■ **ACTION ITEM**
When you reach a picture, pass over it; otherwise repeat the listing word for word.

■ **DATASET EXTRACT**

>>>

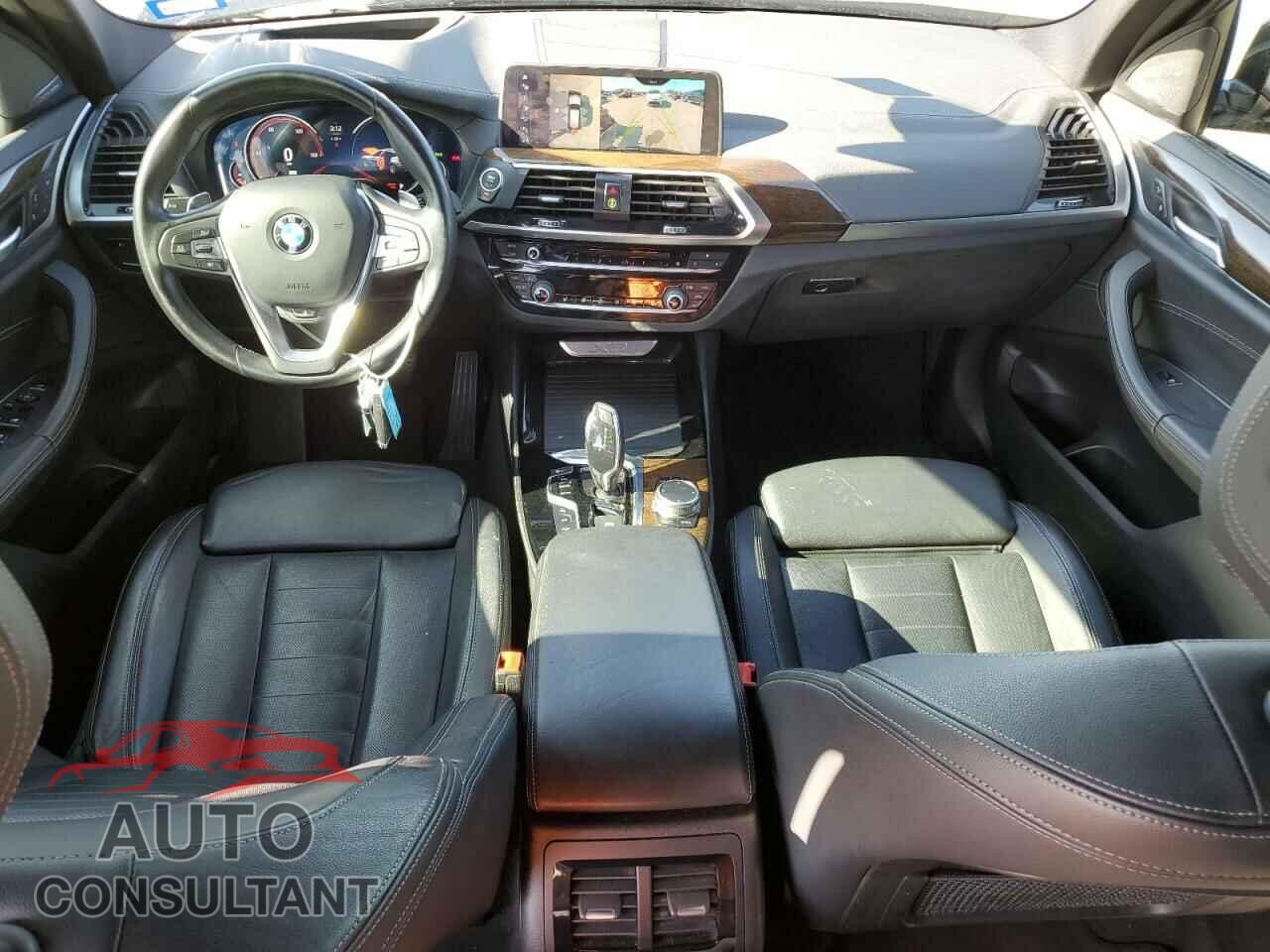 BMW X3 2018 - 5UXTR9C51JLD60667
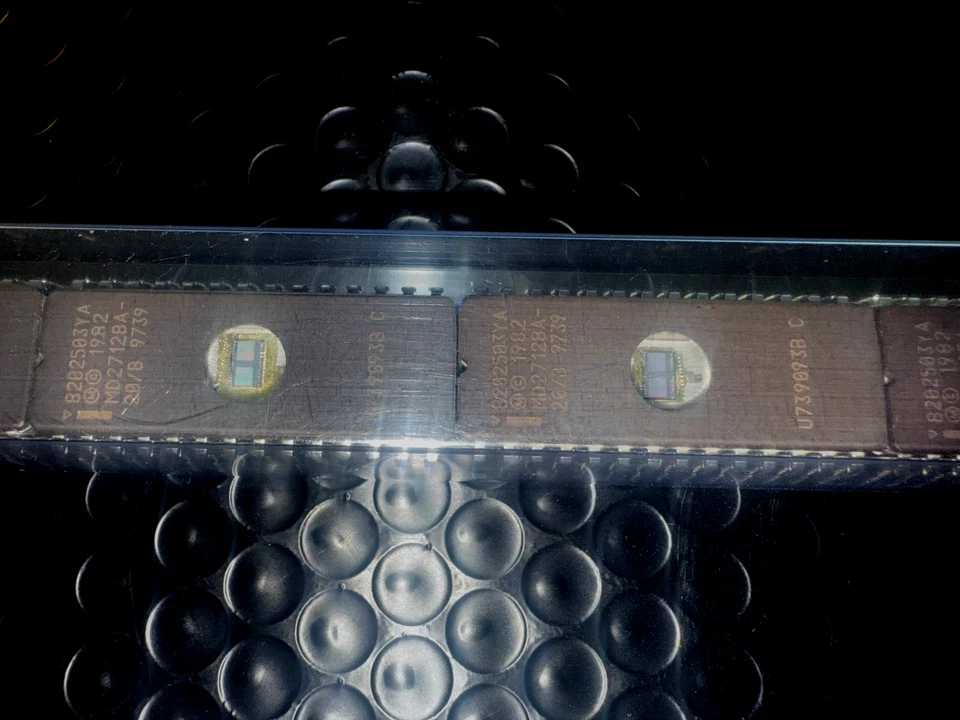 8202503YA Foto 1 de 1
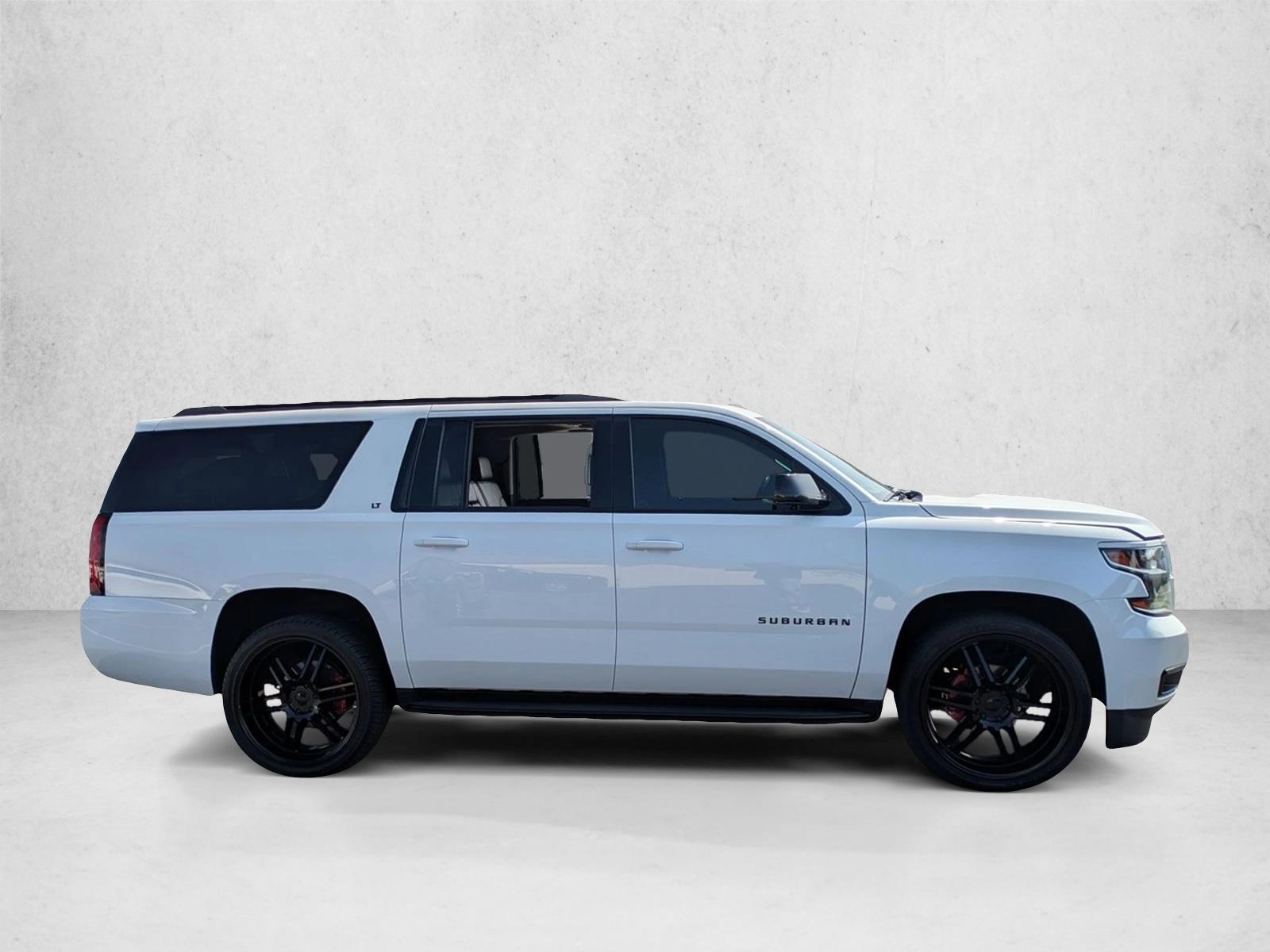 2018 Chevrolet Suburban LT photo 3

<<<

■ **SOLUTION TO THE EXERCISE**
 BMW X3 2018 - 5UXTR9C51JLD60667
 8202503YA Foto 1 de 1
 2018 Chevrolet Suburban LT photo 3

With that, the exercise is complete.